The present disclosure relates to methods for heat treating powder metallurgy nickel-base alloy articles. The present disclosure also is directed to powder metallurgy nickel-base alloys produced by the method of the present disclosure, and to articles including such alloys.
Powder metallurgy nickel-base alloys are produced using powder metallurgical techniques such as, for example, consolidating and sintering metallurgical powders. Powder metallurgy nickel-base alloys contain nickel as the predominant element, along with concentrations of various alloying elements and impurities, and may be strengthened by the precipitation of gamma prime (γ′) or a related phase during heat treatment. Components and other articles produced from powder metallurgy nickel-base alloys, e.g., discs for gas turbine engines, typically undergo thermo-mechanical processing to form the shape of the articles, and are heat treated afterwards. For example, the articles are forged and isothermally solution heat treated at a temperature below the γ′ solvus (subsolvus), followed by quenching in suitable medium, e.g., air or oil. A solution heat treatment below the γ′ solvus can result in a fine grain microstructure. The solution heat treatment may be followed by a lower temperature aging heat treatment to relieve residual stresses that develop as a result of the quench and/or to produce a distribution of γ′ precipitates in a gamma (γ) matrix.
In conventional processes, forged powder metallurgy nickel-base alloy articles are placed in a furnace at a start temperature in the furnace that is within 30° C. of the solution heat treatment temperature. The furnace set point is then recovered so that the articles reach the solution heat treatment temperature as fast as possible for completing the required heat treatment. However, the likelihood of critical grain growth in the articles may be increased by this conventional method of heat treating. Thus, there has developed a need for improved methods that overcome the limitations of conventional processes that increase the likelihood of critical grain growth in powder metallurgy nickel-base alloy articles.

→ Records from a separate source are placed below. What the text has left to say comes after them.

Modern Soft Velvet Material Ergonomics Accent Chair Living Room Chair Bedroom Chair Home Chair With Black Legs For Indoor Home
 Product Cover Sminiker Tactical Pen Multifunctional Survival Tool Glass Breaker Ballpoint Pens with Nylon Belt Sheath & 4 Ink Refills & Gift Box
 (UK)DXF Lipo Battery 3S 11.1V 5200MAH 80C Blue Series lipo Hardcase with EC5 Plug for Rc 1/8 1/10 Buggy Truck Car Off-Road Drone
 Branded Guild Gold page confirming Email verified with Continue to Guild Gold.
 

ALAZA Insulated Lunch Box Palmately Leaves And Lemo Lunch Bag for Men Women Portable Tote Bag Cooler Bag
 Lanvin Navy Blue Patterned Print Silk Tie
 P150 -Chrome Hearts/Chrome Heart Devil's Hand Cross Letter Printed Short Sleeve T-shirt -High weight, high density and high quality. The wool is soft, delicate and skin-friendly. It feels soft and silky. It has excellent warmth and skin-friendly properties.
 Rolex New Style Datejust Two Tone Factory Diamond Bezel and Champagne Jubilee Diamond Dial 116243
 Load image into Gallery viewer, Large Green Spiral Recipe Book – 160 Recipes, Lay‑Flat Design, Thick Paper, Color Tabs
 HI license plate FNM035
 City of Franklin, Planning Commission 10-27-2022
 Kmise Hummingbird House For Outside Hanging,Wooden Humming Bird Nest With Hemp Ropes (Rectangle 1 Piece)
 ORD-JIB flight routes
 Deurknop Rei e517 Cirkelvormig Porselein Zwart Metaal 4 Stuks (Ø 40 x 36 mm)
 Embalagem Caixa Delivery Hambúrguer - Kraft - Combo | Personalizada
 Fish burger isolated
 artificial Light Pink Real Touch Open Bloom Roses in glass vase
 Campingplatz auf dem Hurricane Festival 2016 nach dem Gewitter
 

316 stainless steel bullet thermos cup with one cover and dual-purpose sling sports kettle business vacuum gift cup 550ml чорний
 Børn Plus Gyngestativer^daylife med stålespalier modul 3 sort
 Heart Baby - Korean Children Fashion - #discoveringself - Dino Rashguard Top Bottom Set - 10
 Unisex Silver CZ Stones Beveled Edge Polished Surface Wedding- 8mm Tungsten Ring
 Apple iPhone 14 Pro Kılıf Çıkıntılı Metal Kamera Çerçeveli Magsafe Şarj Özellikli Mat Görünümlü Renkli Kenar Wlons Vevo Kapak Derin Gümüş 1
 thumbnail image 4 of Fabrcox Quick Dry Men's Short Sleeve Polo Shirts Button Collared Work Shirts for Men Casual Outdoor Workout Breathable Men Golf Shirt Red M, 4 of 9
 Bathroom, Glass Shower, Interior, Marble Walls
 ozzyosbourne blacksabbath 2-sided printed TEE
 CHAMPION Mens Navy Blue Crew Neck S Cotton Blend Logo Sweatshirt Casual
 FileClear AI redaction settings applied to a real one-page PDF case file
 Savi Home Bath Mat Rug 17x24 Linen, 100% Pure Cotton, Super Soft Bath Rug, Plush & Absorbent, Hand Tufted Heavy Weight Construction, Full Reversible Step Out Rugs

The present disclosure, in part, is directed to methods and alloy articles that address certain of the limitations of conventional approaches for heat treating powder metallurgy nickel-base alloy articles. Certain embodiments herein address limitations of conventional processes regarding the heat treat recovery time for solution heat treating, e.g., the time it takes for powder metallurgy nickel-base alloy articles to reach the solution heat treatment temperature. One non-limiting aspect of the present disclosure is directed to a method for heat treating a powder metallurgy nickel-base alloy article comprising: placing the article in a furnace at a start temperature in the furnace that is 80° C. to 200° C. below a gamma prime solvus temperature; increasing the temperature in the furnace to a solution temperature at a ramp rate in the range of 30° C. per hour to 70° C. per hour; solution treating the article for a predetermined time; and cooling the article to ambient temperature. In certain non-limiting embodiments of the method, the ramp rate is in the range of 50° C. per hour to 55° C. per hour.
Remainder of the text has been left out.